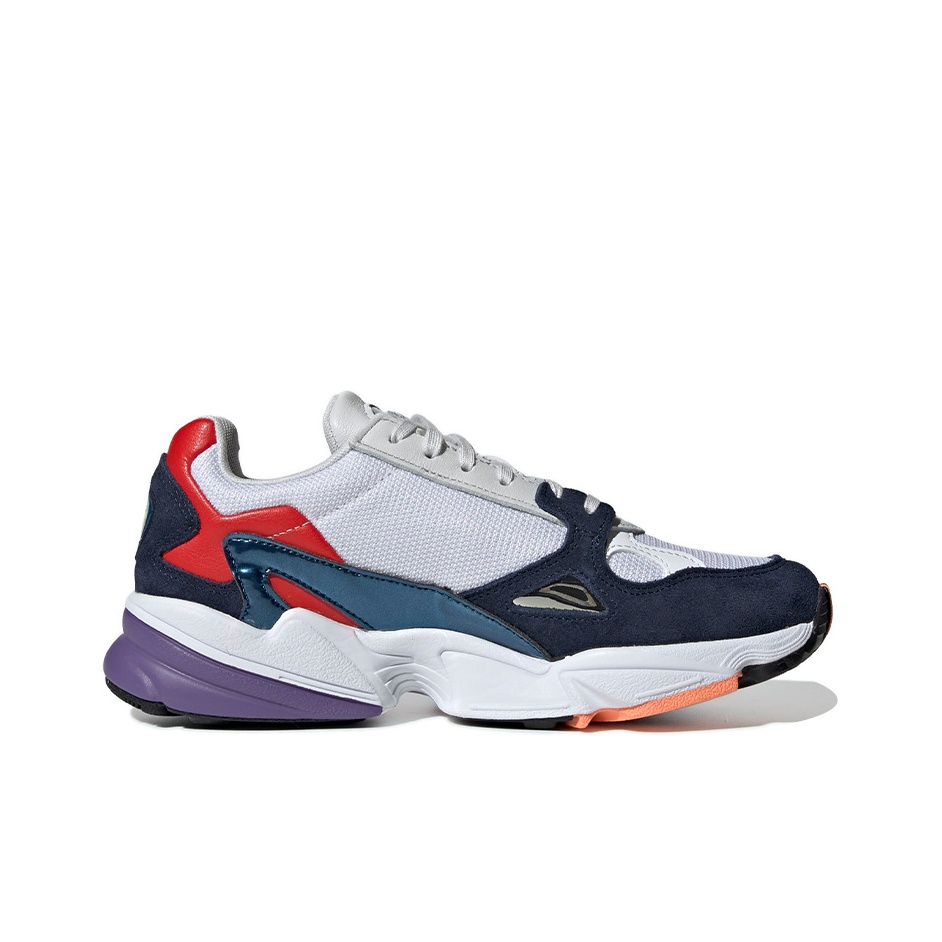 adidas originals falcon sneakers in white and navy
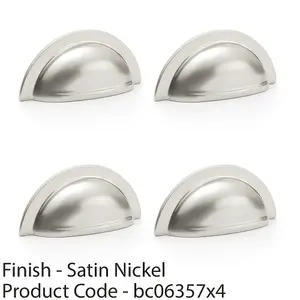 4 PACK - Ridged Cup Handle - Satin Nickel - 76mm Centres Solid Brass Shaker Drawer Pull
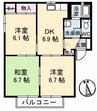 ヴィラ坂本 3DKの間取り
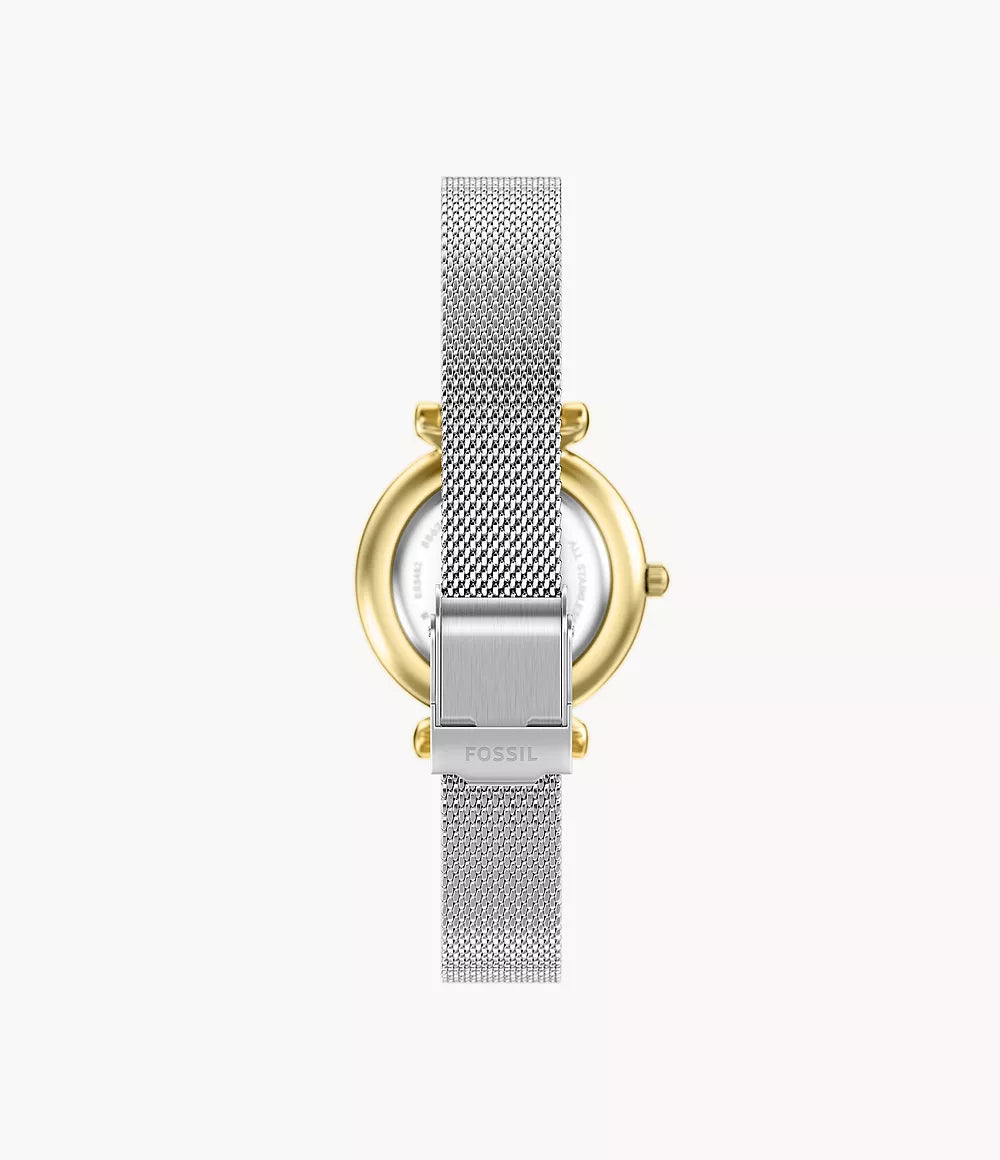 Fossil watch Carlie Mini Mini 28mm mother of pearl quartz steel PVD finish yellow gold ES5463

= = = =

### TASK STATEMENT
Every line above is to be given again exactly, apart from the pictures.

### EXERCISE RESPONSE
 adidas originals falcon sneakers in white and navy
 4 PACK - Ridged Cup Handle - Satin Nickel - 76mm Centres Solid Brass Shaker Drawer Pull
 ヴィラ坂本 3DKの間取り
 Fossil watch Carlie Mini Mini 28mm mother of pearl quartz steel PVD finish yellow gold ES5463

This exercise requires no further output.